START DATASET SECTION

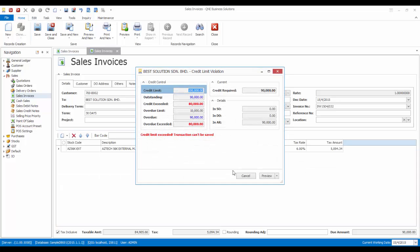The system will block the saving of this transaction as previously set in the credit control setting in customer.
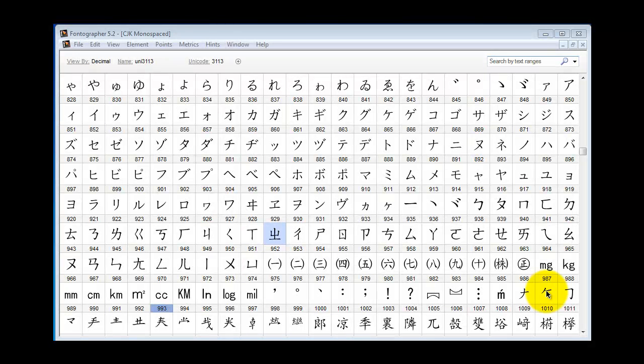Hi, this is Jimmy the Font Meister and today we're going to discuss proportional metrics. Now proportional metrics are used in Chinese, Japanese, and Korean fonts.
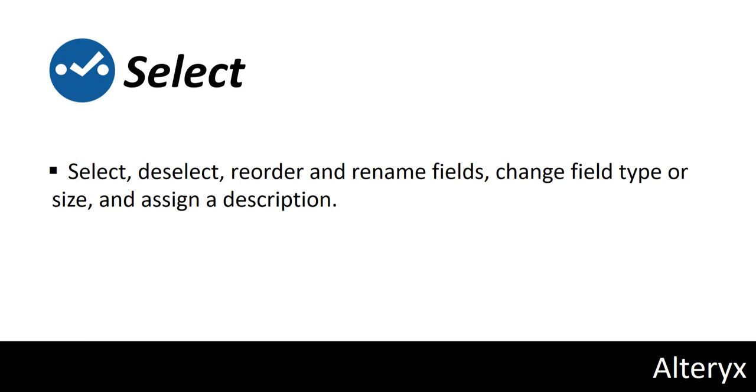Select, deselect, reorder, and rename fields. Change field type or size and assign a description.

END DATASET SECTION

WHAT IS BEING ASKED » Without the pictures, transcribe the listing exactly as it stands.

THE ANSWER »
The system will block the saving of this transaction as previously set in the credit control setting in customer.
Hi, this is Jimmy the Font Meister and today we're going to discuss proportional metrics. Now proportional metrics are used in Chinese, Japanese, and Korean fonts.
Select, deselect, reorder, and rename fields. Change field type or size and assign a description.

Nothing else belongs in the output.